Calculate pressure using the ideal gas law. Enter moles, temperature, and volume to solve for ideal gas pressure in PSI, kPa, pascals, bar, atmospheres, mmHg, torr, and inches of water column.
Moles:
Enter how much gas is in the container. More gas particles create more pressure when volume and temperature stay the same.
Temperature:
The calculator converts the temperature to Kelvin because gas law calculations use absolute temperature.
Volume:
Enter the container volume. Smaller volume increases pressure for the same amount of gas and temperature.

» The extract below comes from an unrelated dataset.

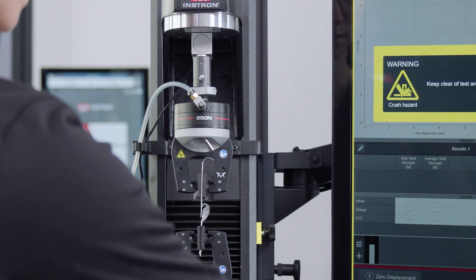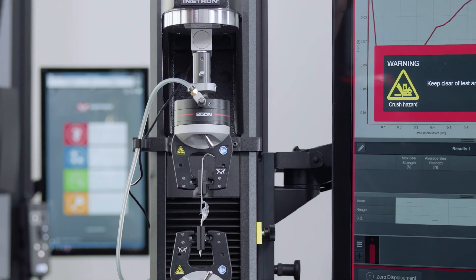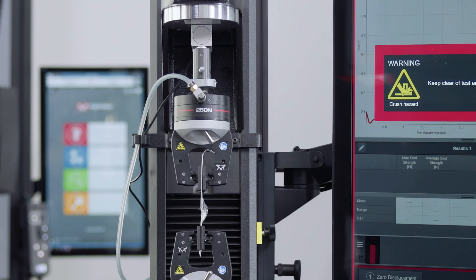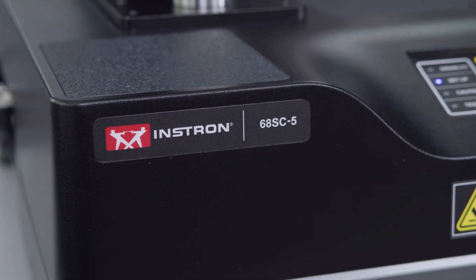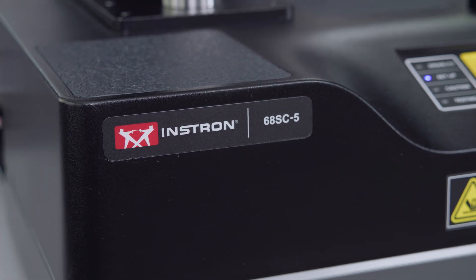In this example, we will be testing medical consumables on a 6800 single column system.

An ideal gas pressure calculator is useful for chemistry homework, physics examples, sealed container estimates, lab calculations, pressure conversions, and checking how moles, volume, and temperature affect pressure.
The ideal gas law is a model. Real gases can differ from ideal behavior at high pressure, low temperature, or near condensation.
The ideal gas pressure formula is:
P = nRT ÷ V
Use P = nRT ÷ V. Multiply moles by the gas constant and absolute temperature, then divide by volume.
The ideal gas law gives absolute pressure. Gauge pressure is found by subtracting atmospheric pressure.
If moles and volume stay the same, gas pressure rises as absolute temperature rises.
If moles and temperature stay the same, gas pressure increases when volume decreases.